Die zuständigen Veterinäre haben bereits erste Sicherungsmaßnahmen ergriffen, um die Fundstelle zu sichern und weitere Untersuchungen durchzuführen. Dazu gehören:

  • Die genaue Dokumentation und Kartierung des Fundorts
  • Entnahme von Proben für laboranalytische Untersuchungen
  • Ermittlung möglicher Gesundheitsrisiken für Tier und Mensch
  • Koordinierung mit anderen Behörden wie der Polizei und dem Ordnungsamt

Die illegale Entsorgung von Schlachtabfällen ist kein Kavaliersdelikt. Sie kann zu erheblichen Umweltbelastungen führen, etwa durch die Verunreinigung von Böden und Grundwasser. Zudem besteht die Gefahr, dass Krankheitserreger verbreitet werden, die sowohl Nutztiere als auch Wildtiere und im schlimmsten Fall Menschen gefährden können.

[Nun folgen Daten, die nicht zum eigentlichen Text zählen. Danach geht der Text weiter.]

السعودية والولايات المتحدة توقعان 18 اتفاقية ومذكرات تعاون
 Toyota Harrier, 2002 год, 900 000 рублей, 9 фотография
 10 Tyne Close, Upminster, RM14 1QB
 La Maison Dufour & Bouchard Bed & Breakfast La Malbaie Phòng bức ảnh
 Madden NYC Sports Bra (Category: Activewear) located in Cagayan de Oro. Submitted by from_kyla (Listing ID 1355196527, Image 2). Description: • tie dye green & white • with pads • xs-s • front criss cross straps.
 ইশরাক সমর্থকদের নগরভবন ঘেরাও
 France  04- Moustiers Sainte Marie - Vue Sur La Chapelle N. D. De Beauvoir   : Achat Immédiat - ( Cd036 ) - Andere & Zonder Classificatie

Hintergründe und mögliche Motive

Experten vermuten, dass die Verantwortlichen möglicherweise versucht haben, sich auf diese Weise der kostenpflichtigen Entsorgung über offizielle Schlachthöfe oder Tierkörperbeseitigungsanlagen zu entziehen. In der Region gibt es mehrere Schafzuchtbetriebe, die nun in die Ermittlungen einbezogen werden könnten. Das Veterinäramt appelliert an die Bevölkerung, verdächtige Beobachtungen oder Informationen umgehend zu melden.

Der Fall wirft auch Fragen nach der Effektivität bestehender Kontrollmechanismen auf. Wie konnte eine derartige Menge an Schlachtabfällen unbemerkt in der Feldflur entsorgt werden? Sind die Strafen für solche Vergehen abschreckend genug? Diese und weitere Aspekte werden die Behörden in den kommenden Tagen und Wochen intensiv beschäftigen.

Für die Anwohner in Wilsleben, Winningen und Umgebung bedeutet der Fund zunächst einmal Verunsicherung. Viele fragen sich, ob von den Kadavern gesundheitliche Risiken ausgehen und wie lange die Ermittlungen dauern werden. Das Veterinäramt versichert, dass alle notwendigen Schritte eingeleitet wurden, um die Situation schnellstmöglich zu klären und die Verantwortlichen zur Rechenschaft zu ziehen.